- **What the task asks**
Only the lines from the one containing "Plant image Narcissus 'Topolino'" through the last line below belong in your copy; transcribe them exactly and omit any pictures.

- **Records for the task**
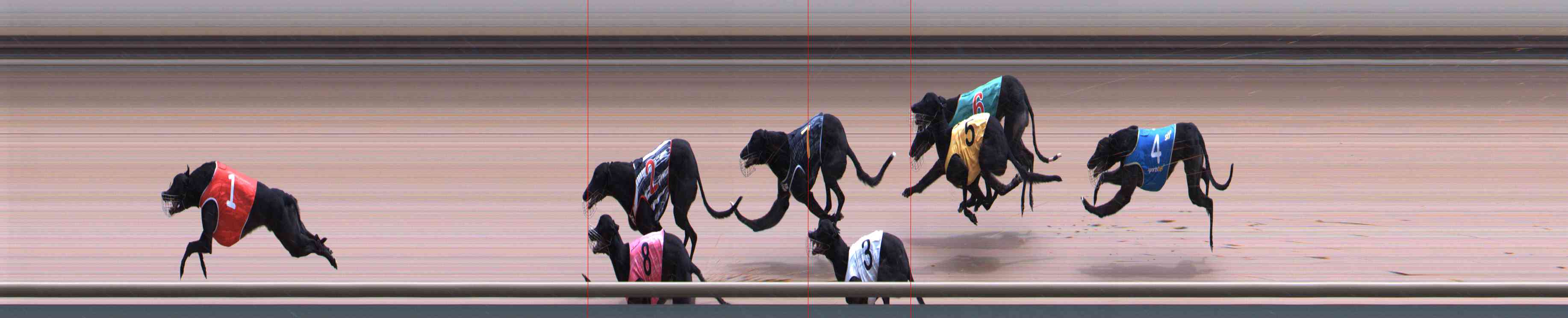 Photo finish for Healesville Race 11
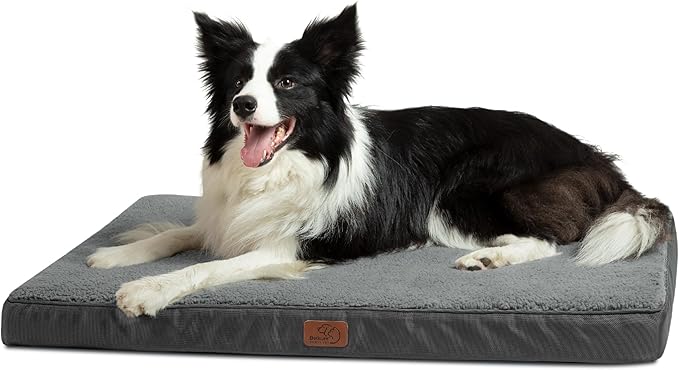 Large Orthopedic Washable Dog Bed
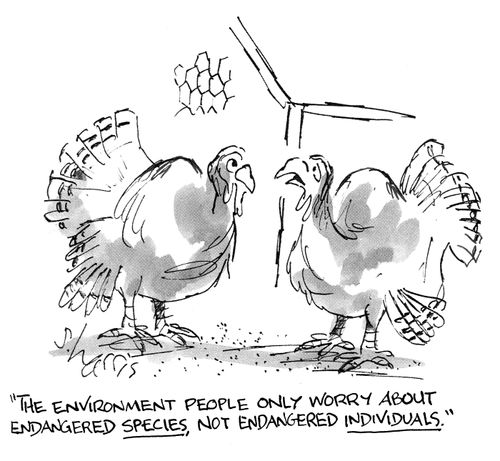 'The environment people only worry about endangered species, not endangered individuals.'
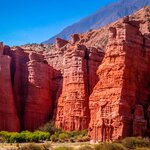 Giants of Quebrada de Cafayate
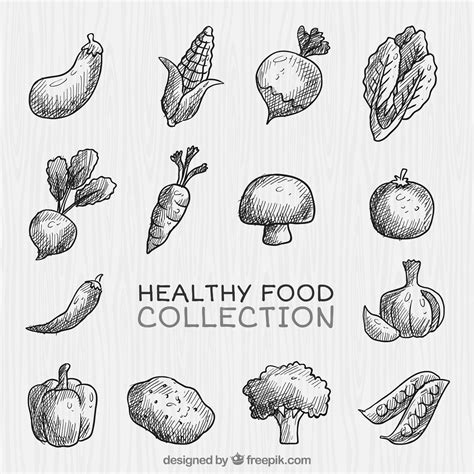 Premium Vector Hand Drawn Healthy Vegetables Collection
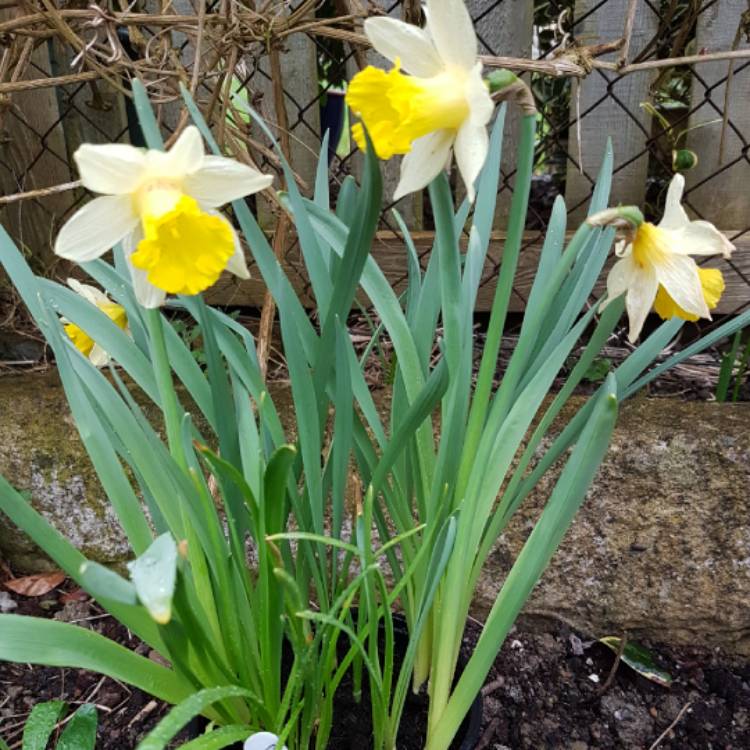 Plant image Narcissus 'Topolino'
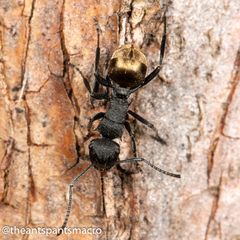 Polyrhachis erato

- **Answer section**
 Plant image Narcissus 'Topolino'
 Polyrhachis erato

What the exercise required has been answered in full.